A criança assim o fez e, trazendo a enferma que se chamava Domingas Gregório ao local indicado, esta imediatamente se recompôs, ficando livre de todos os males de que padecia. A partir de então, a Senhora da Peneda passou a ser bastante venerada pelo povo das redondezas que, por baixo da Rocha da Meadinha, lhe ergueram a partir dos finais do século XVIII um imponente santuário de estilo neoclássico, com alguns traços caraterísticos da arquitetura barroca, que é atualmente um dos mais concorridos de toda a região, atraindo milhares de romeiros do Minho e da Galiza.
Até meados do século passado, era frequente os romeiros que pagavam promessas serem levados à igreja metidos dentro de caixões. Algumas pessoas mais antigas ainda se recordam de tão estranho ritual o qual, secundo se crê, constituiria uma forma dos miraculados exprimirem a sua gratidão pela graça recebida, sugerindo através da sua teatralização o destino que lhes estaria traçado caso a Senhora não intercedesse a seu favor.
Tais cortejos “funerários” percorriam em regra um longo e acidentado trajeto que ia do pórtico situado ao fundo das capelas até ao interior da igreja, incluindo o longo escadório, sucedendo nalguns casos prolongar-se até ao próprio cemitério. Uma vez no interior do templo, era celebrada missa de “corpo presente” a que o “defunto” geralmente assistia ainda deitado na urna geralmente já aberta no local. Por vezes, o “funeral” era acompanhado de banda de música.
O padre Bernardo Pintor, autor do livro “Uma Joia do Alto Minho”, relata-nos a propósito: “Tudo isto observei de pequeno e lembra-me de ouvir falar de uma pessoa que foi até à beira da sepultura, mandada abrir no cemitério, onde lançou a sua roupa exterior, e, também de uma outra que seguia em caixão aberto mas que se impressionou de tal modo ao entrar no templo que saltou fora e rachou a cabeça de encontro aos umbrais da portaria”.

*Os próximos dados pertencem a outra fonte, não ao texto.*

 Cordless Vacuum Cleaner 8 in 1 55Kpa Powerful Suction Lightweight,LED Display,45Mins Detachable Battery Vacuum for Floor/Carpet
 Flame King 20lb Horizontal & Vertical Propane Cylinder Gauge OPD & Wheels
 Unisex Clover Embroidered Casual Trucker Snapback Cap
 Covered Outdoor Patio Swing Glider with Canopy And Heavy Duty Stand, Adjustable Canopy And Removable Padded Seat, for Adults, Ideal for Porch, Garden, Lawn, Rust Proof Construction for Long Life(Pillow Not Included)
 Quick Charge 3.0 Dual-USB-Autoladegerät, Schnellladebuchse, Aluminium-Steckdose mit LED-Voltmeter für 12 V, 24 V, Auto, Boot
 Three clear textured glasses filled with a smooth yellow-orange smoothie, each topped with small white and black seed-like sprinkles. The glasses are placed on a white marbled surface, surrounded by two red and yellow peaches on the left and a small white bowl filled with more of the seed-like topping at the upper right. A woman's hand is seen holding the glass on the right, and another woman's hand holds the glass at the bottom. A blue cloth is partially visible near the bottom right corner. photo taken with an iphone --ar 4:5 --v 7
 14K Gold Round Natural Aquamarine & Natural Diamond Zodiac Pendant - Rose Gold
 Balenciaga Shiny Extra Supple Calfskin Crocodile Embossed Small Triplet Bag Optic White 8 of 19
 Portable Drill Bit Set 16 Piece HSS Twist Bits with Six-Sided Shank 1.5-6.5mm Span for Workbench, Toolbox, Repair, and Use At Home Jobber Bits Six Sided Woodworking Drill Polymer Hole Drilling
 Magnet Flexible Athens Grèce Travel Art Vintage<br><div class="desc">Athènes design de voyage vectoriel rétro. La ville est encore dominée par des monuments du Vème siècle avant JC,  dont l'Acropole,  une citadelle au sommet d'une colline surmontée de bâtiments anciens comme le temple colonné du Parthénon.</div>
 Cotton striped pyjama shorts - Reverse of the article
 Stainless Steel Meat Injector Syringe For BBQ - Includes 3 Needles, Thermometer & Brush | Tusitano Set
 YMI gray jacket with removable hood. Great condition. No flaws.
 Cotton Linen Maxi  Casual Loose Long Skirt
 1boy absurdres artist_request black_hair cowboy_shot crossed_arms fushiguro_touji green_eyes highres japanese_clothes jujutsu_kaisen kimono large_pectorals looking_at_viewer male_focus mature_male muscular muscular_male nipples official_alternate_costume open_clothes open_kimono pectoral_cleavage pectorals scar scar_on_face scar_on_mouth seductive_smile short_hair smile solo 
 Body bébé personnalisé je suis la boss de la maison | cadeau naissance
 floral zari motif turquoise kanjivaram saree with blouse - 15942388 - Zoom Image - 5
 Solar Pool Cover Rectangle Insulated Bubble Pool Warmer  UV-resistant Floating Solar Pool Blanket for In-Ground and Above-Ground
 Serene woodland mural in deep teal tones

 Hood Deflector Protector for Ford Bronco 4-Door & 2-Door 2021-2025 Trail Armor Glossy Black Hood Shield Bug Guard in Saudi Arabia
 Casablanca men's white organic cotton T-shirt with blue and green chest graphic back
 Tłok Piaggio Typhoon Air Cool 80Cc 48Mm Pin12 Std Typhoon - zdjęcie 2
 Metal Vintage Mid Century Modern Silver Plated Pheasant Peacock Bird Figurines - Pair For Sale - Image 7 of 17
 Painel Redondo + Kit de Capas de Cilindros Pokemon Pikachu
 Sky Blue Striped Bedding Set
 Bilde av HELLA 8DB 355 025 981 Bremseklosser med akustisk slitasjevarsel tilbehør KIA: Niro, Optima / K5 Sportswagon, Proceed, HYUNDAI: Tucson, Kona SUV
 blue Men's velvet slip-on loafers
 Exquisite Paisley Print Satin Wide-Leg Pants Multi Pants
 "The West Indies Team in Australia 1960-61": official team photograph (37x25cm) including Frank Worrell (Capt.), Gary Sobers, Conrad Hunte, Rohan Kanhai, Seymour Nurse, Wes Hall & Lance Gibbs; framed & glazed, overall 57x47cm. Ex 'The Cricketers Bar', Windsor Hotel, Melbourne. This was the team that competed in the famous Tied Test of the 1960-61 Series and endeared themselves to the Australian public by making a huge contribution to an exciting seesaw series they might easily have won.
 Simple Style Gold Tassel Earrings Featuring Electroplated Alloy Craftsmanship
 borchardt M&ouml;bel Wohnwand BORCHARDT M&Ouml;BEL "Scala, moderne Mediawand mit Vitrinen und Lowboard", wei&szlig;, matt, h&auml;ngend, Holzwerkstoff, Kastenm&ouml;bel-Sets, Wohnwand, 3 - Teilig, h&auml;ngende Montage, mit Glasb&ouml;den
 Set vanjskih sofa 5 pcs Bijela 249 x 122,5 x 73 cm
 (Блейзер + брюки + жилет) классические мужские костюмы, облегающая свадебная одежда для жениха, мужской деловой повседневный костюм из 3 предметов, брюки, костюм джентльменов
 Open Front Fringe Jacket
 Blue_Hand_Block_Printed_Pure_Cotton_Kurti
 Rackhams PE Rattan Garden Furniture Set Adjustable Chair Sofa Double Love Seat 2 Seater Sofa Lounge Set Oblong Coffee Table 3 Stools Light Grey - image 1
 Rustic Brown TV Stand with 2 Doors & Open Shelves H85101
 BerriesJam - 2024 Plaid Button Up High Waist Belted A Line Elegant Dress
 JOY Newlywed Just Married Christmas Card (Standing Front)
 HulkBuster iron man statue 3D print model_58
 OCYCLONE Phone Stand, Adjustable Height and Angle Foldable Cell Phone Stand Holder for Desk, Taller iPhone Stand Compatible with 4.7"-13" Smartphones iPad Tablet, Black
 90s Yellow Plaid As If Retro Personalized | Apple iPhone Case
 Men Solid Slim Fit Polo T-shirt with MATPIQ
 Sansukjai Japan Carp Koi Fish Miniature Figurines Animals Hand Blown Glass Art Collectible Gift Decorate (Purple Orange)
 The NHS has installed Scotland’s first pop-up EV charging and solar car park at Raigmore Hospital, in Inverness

Com efeito, todo este ritual a que muitos devotos se submetiam produz um efeito psíquico de tal intensidade que pode despertar na mente efeitos perturbadores perante novos estados de consciência e meditação acerca da nossa própria existência.
Entretanto, há muito tempo que tal costume desapareceu, não havendo mais lugar a cortejos “fúnebres” de mortos-vivos. Agora, a festa faz-se de alegria sem perda de devoção, bem à maneira das gentes do Minho!